Ask them: Do you use GPS tracking? Can I see patrol reports showing time-stamped checkpoint scans? Do you have real-time monitoring where I can log in and see where my guard is? How do you document that they actually showed up and did the work? Can you show me a sample patrol report? What happens if the guard misses a checkpoint or deviates from the post order?

The best providers have dashboards where you can see guard location, patrol progress, and incident logs updated in real-time. That's not spying on employees — it's professional accountability. It protects the guard too. If something happens and it goes to litigation, there's an objective record of what they were doing, where they were, and when.

If a provider can't answer this with specifics, or if they seem resistant to accountability mechanisms, that tells you they might not have high standards for performance. You want a company confident enough in their guards that they welcome oversight.
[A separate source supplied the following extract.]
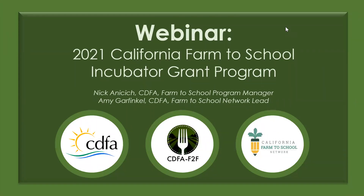Welcome everybody to today's webinar. We'll be going through the 2021 California Farm to School Incubator Grant Program. My name is Nick Anisich, I'm the Farm to School Program Manager with the California Department of Food and Agriculture in the Office of Farm to Fork. Also presenting today is Amy Garfinkel, our new Farm to School Network Lead. Thank you Rachel and Michael for helping set up today's session and joining our CDFA Farm to School team.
Learn about security guard monitoring technology →

"What's your response time if I call with an emergency at 2 AM?"

For an ongoing contract, 24/7 availability isn't optional — it's table stakes. If something happens on your property in the middle of the night, you need to reach someone immediately. What does that actually look like? Does a real person answer the phone or does it go to voicemail? Is there a dispatch center monitoring the account? What's the escalation chain?

Ask specifically: If there's an emergency at 2 AM — an alarm, a break-in, a disturbance — and I call your number, who picks up and what happens? Do they have direct authority to respond, or do they have to call a supervisor first? How fast can you get additional guards on-site? Do you have a relationship with local police for coordination? Is there after-hours management available, or am I just leaving messages?

A professional company has a dispatch center operating 24/7. Someone trained answers the phone. They know your account. They know your property. They can authorize immediate response. Smaller operators might be relying on guards to handle things — which is fine for some scenarios but not ideal for emergencies requiring management decisions.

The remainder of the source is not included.